Today I got home from class to find two of my peppered corys had been spawning. They've been doing it ALL DAY, I got home at 2 and they're still going at it and its 8 here. The female has preferentially been laying her eggs in one corner, on the glass wall perpendicular to the heater and filter. There are other eggs scattered everywhere but that's where most of them are. 
I noticed the betta was hovering around them but since I usually just let the fish eat the eggs anyway (I'm in my senior year as a microbio major so I have NO time to be dealing with breeding fish) I wasn't too worried about it.

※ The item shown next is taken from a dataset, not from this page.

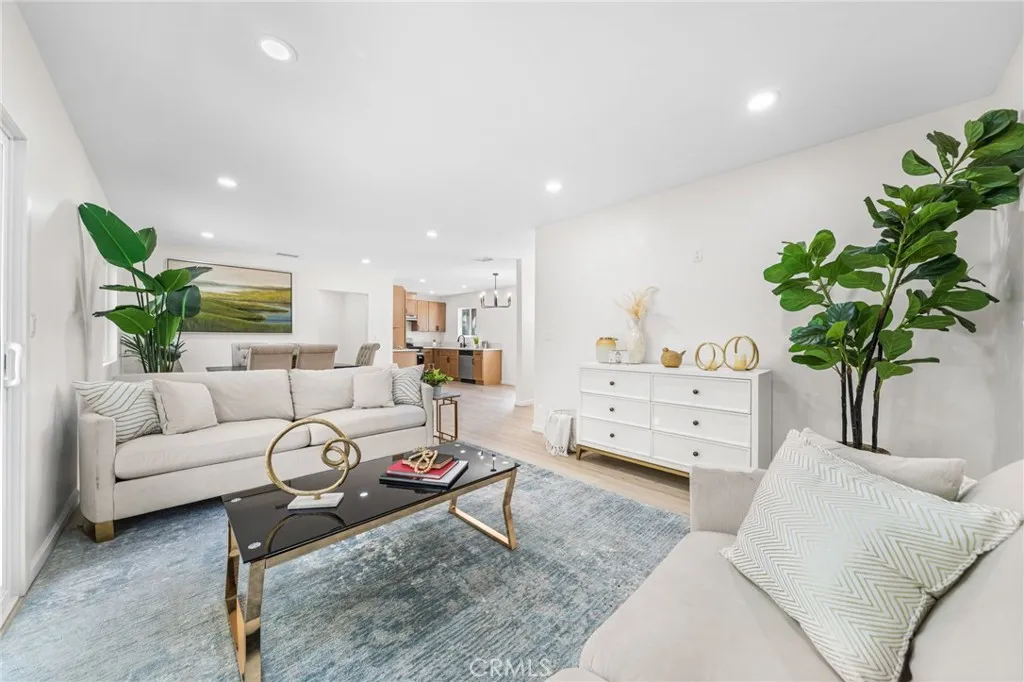 3867 Roblyn, Riverside, California 92504 home-pic-8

A little bit ago I went to watch the corys mate and lay the eggs, and I noticed the betta was still in the corner, but all of the eggs (in fact, a lot more eggs) were still there. He alternates between staring at them and resting the side of his body against them, and he chases off the rasboras if they get too close, but he lets the corys swim in the corner all they want. I swear he's protecting them! 
Needless to say I've since been watching him more than the corys mating because he's acting so funny! Is this common?? It seems crazy to me that a fish could display altruism for fish of another species! :lol:


----------



## fawx (Aug 21, 2013)

That's crazy!


----------



## bettacrazygirl86 (Jan 21, 2013)

I think that's adorable!


----------



## TheTrojanBetta (Jul 4, 2013)

That's very sweet! I wouldn't be surprised, there have been some very odd/interesting interspecies friendships between animals before. That's super cute though, I'd love to see it!


----------



## Monstaar (Aug 28, 2013)

Pleaaase post pictures! Sounds so adorable!


----------



## StarlaThornhill (Feb 15, 2013)

Here's an update:
Most of the eggs have either been eaten or hatched (probably eaten /: ) Some look like maybe they've hatched? Its hard to tell because they are in the back, and the way my tank is set up its hard to look at the back wall. It does look like there are some hollow shells or something, but I cant find any fry so who knows.
There is one little patch of eggs that is still developing right at the front, and when I turn my flashlight on to it I can see the fry inside spin around! Let me tell you, that is weird. The betta still patrols the back wall where there are still some eggs.
I got a picture when there were still eggs everywhere, its kind of hard to see the betta because he blends into the plants behind him, he just spent all his time hanging out in that corner and chasing off my rasboras!
I hope the eggs that are still viable end up surviving!

Picture here:
http://i820.photobucket.com/albums/zz125/vintageflow/20130829_185807.jpg


----------



## StarlaThornhill (Feb 15, 2013)

The eggs hatched!!:shock:
I know the fry would be wayy too tiny to see now, approximately how long until they are big enough to see? I'm hoping they survive!! :blueyay:


----------